The opening shot shows us an unremarkable house in a small quiet fold on a rural horizon. We’re in Norfolk—an eastern county of England that’s generally regarded as somewhat hard to get to from most places, if not actually isolated. In dramatic terms, it’s the kind of locale you might expect to be inhabited by people whose existences haven’t changed for some time. The Mercers, Kate (Charlotte Rampling) and Geoff (Tom Courtenay), have lived here for years: she was a local schoolteacher, he worked in management in a nearby factory. They’re both retired, thoughtful, cultivated, left-wing, and they’re about to throw a party to celebrate 45 years of married life.
We meet Kate returning from her daily morning walk with the dog: the postman has delivered a letter and it contains a bombshell. “They found Katya,” Geoff quietly announces. “I know I told you about my Katya,” he adds—and that quiet “my” is the first of the film’s depth charges. Years ago, in the early Sixties before he and Kate met, he loved a young German woman; while they were out walking in the Swiss Alps, she fell into a chasm and died. Now she has been found, her body perfectly preserved in a glacier. “How strange it would be, though,” muses Geoff in a quiet leap of philosophical fantasy, “if she looked like she did in 1962, and I look like this.” All this emerges in a long take in the couple’s kitchen, during which time a cozy domestic space gradually becomes intensely claustrophobic.
The drama—told chapter by chapter over several days of a single week—traces the process by which the couple’s relationship, and Kate’s sense of their past, are slowly affected by the presence of an invisible intruder, a person possibly not even mentioned for decades, but who suddenly becomes the ghost in the household.
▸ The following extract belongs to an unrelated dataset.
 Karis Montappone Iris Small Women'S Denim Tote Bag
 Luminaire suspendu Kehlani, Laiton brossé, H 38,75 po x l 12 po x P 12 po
Kate senses she suddenly has a threatening rival in this eternally young woman frozen by time and memory; Katya’s name suggests a menacing doppelgänger, or the young Geoff’s desire to find a similarly named woman to replace his lost love. Perhaps Katya is the secret that has played a much larger part in his life than he has ever let on, and that he has perhaps deliberately been keeping under wraps; it’s as if, all along, this marriage has always concealed a lie, even if only a lie of omission. On their trip, it emerges, Geoff and Katya posed as a married couple. He mentioned it to Kate, long ago—or did he? “I’m sure I did,” he hesitates—Courtenay’s delivery, woolly and distracted, gives a wonderfully casual tone to Geoff’s evasion—“and if I didn’t, it’s hardly the sort of thing you tell your beautiful new girlfriend, is it?”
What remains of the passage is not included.